Tarsus, 90’lı yılların sonu, 2000’li yılların başında, pamuk ekiminden elde edilen ürünlerinin işlendiği tekstil fabrikalarını bir bir kaybeden bir kentti.
Domino etkisiyle devasa kurumların kapısına kısa sürede kilitler vuruldu. On binlerce işsiz, ne yapacağını şaşırır duruma geldi.
Kadim tarihi, toprak zenginliği, ulaşım kolaylığı, havası, suyu zengin Tarsus’ta, o dönemin yönetenleri hemen arayış içerisine girdi. Bu kente bir kimlik lazımdı.
Havaalanı yoktu, organize sanayi bölgesi gerekliydi, ulaşım altyapısının güçlenmesi, zengin tarihinin turizm gelirine dönüştürülmesi ve bir de üniversite kazandırılması için bir girişim gerekliydi.
İlk çıkış noktası olarak İL yapılması konusunda faaliyetlerde bulunuldu. Sonuca ulaşılamadı!
Fakat kentin son 20-25 yıllık geçmişine bakıldığında, İL olmasa dahi ciddi yatırımları kazandığını görüyoruz. Geçmişte hayal olan, arzu olarak kafalardan geçen devasa projeler, bu kent topraklarında bir bir faaliyete geçiyor. Gerçekten güzel gelişmeler yaşanıyor.
OSB’lerde fabrikalar kurulurken, havaalanı açıldı, üniversite sürekli öğrenci alıyor…
Tabi ki projeler güzellikleri getirirken, bazı sorunlara da neden oluyor. Kent nüfusu hızla artıyor, trafikte sıkıntılar meydana geliyor. Tabi en önemlisi ise son yıllarda gençlerin tarım sektörü başta olmak üzere, esnaflıktan uzaklaşması, işçilik yapmak istememesi, bilmem hangi üniversiteden aldığı diplomanın arkasına sığınmasından dolayı, kurulan OSB’de, açılan onca tesiste kalifiye eleman veya çalıştıracak personel bulmak oldukça zor bu kentte.
Durum böyle olunca istihdam ihtiyacı kent dışından karşılanır duruma geldi. Bu şehrin kaderinde zaten var. Son 200 yıllık demografik yapısının oluşumu da bu şekilde gerçekleşmiş…
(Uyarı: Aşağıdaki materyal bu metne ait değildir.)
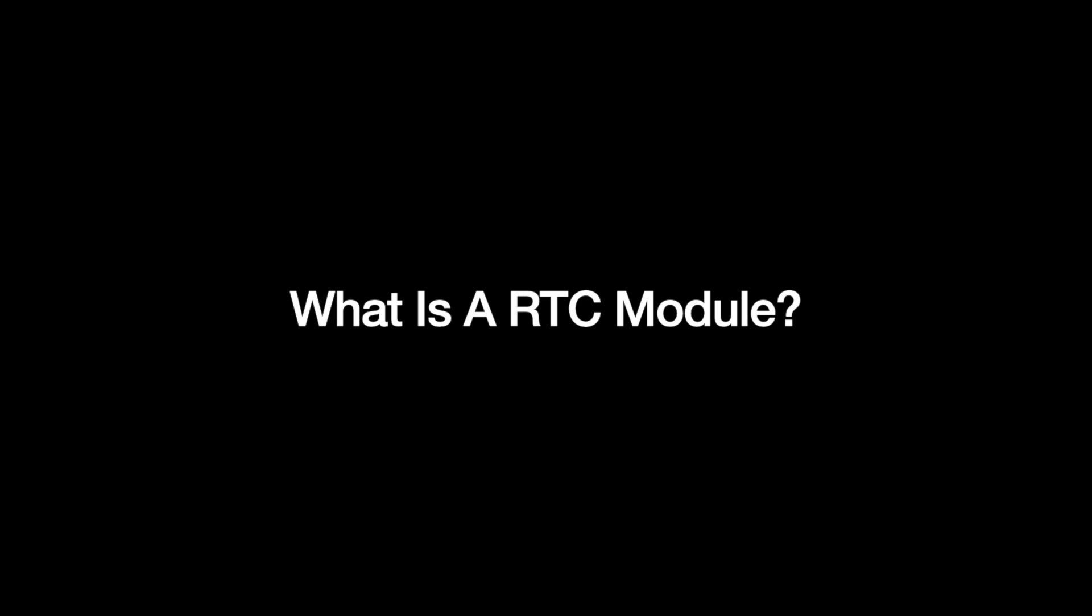Hello and welcome. In this video I'm going to go over the physical installation and software setup of an RTC module on a Raspberry Pi 4 model B running Ubuntu 24.04. So what is an RTC module you may ask?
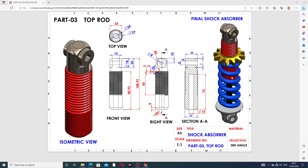Learn here very easily and clearly. This 2D drafting is also available here, and we'll see how this body is designed. This is an isometric view, this is a front view, this is a right view, and a section view is also available, as well as a top view. All points will be discussed here one by one, and then finally the shock absorber will be assembled.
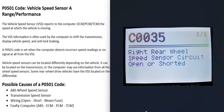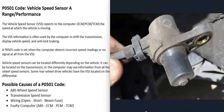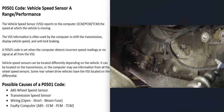Usually when it is a wheel speed sensor, you'll get an additional code — for example, a C0035 right rear wheel speed sensor circuit open or shorted. If you get that code as well, it's a good idea to go check that sensor and do some tests to confirm it's good. The first thing that could cause this code is a bad vehicle speed sensor, and where it's located depends on the vehicle.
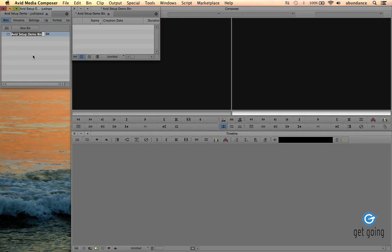OK, great. We're now inside Avid Media Composer. Notice how our bin is highlighted with the project name. That's because it wants us to go ahead and name our bin. I'm going to call this Video Clips.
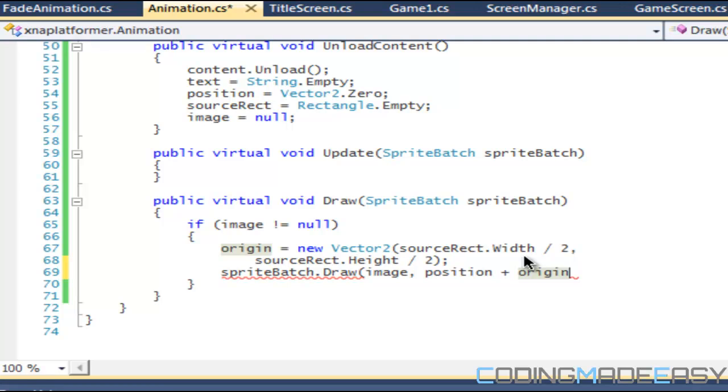The reason why we do this is because normally if we set the origin to the middle of the objects, if our image is 32 by 32, our origin is therefore 16. Basically it's going to treat the center of the object as the 0 of that image.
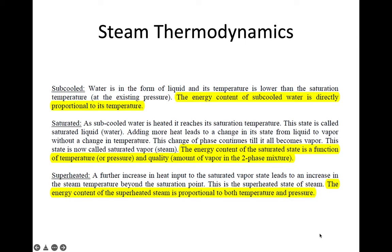Good morning. I continue my presentation on the subject of steam system optimization. This is the third presentation, and today we talk about steam thermodynamics in order to have a deep understanding about the steam and steam analysis.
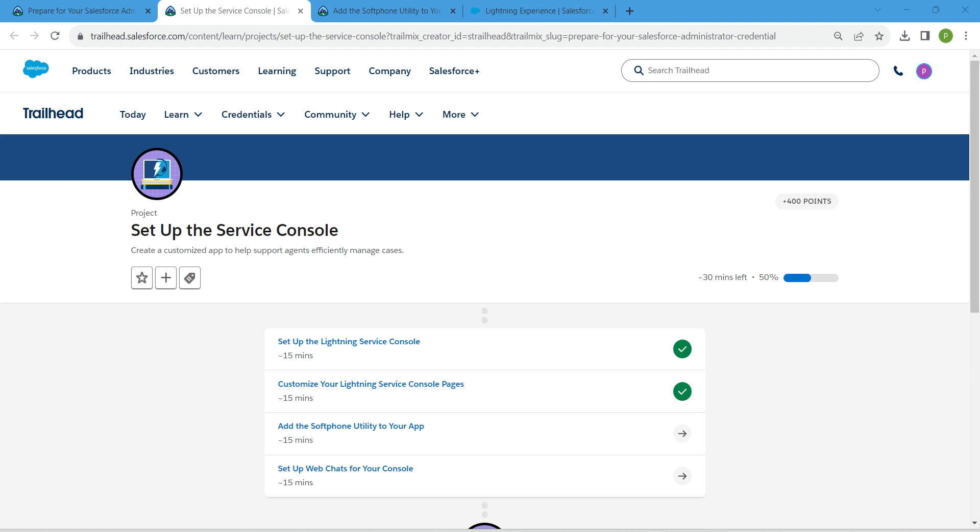Hello guys, welcome back. As we have already completed our first two challenges, let's take up our third challenge, which is add the software utility to your app.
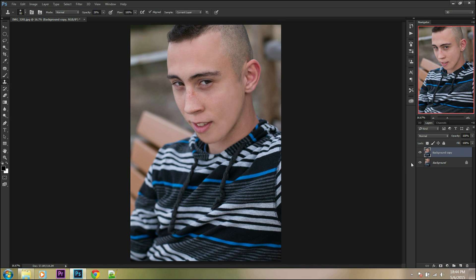If your result doesn't look natural, you can always change the opacity of the layer.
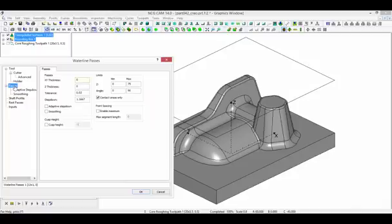These passes can be created to machine only the steep walls by increasing the lower contact angle.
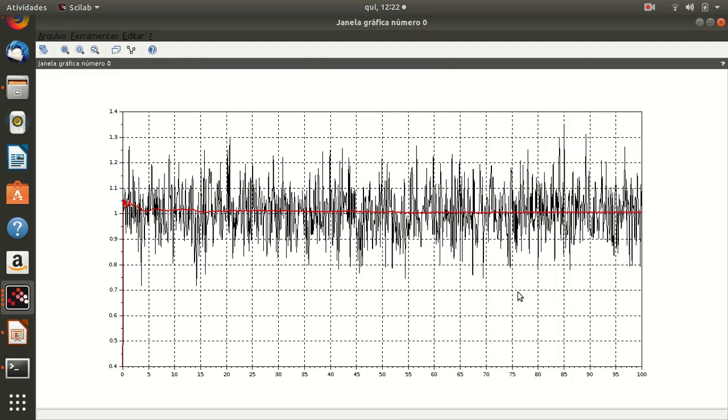So guys, the measurement, the true value of measuring is 1. Unfortunately the sensor when we read the value of the sensor it comes with this noise. And the Kalman filter results, using the Kalman filter results in this value.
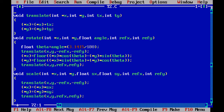The translate function translates a point. It uses a pointer and takes arguments x, y, tx, ty as the translation vector. For example, if the point is 200,200 and the translation vector is 20,20, it adds the values: 200 + 20 = 220. Using pointers with asterisk: x = x + tx and y = y + ty. That's all for translation.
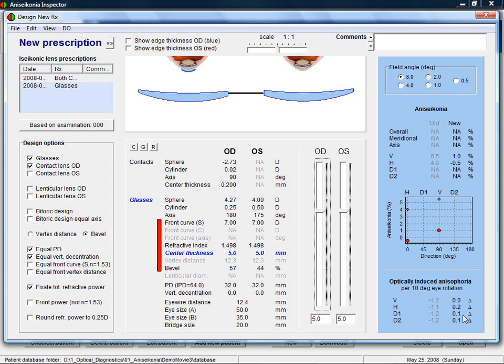This one contact lens design was more for demonstration purposes. In general, one would first see if correcting with two contact lenses would work. This is easily done by clicking on the button C.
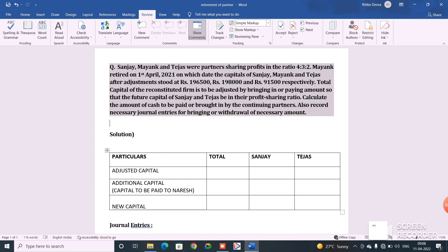So what do we consider when nothing is given about the settlement of the retiring partner's account? By default, we consider the capital balance of the retiring partner as a loan to the firm. No cash is paid to the retiring partner — the balance of the retiring partner's capital account will be treated as a loan. The journal entry will be: Mayank's Capital Account debit to Mayank's Loan Account. This means the capital accounts of the continuing partners are not affected at all.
10 bin yıllık tarihi ile övünürken aslında “bu toprakların her dönem cazibe merkezi olması” ön plana çıkıyor.
***
Bu gelişmeler yaşanırken, sorunların çözümü için kentin tüm dinamiklerinin bir masa etrafında toplanıp, acil önlem planı yapması gerekirken, maalesef biz
Kime yazıldığı pek anlaşılamayan bir sosyal medya paylaşımını günlerce tartışıyor,
Giden koltuklardan kendimize siyasi rant elde etmeye çalışıyoruz!
Kısacası milyar dolarlık yatırımlar gelse de, klasik (sosyolojik) hastalıklarımızdan vazgeçemiyoruz!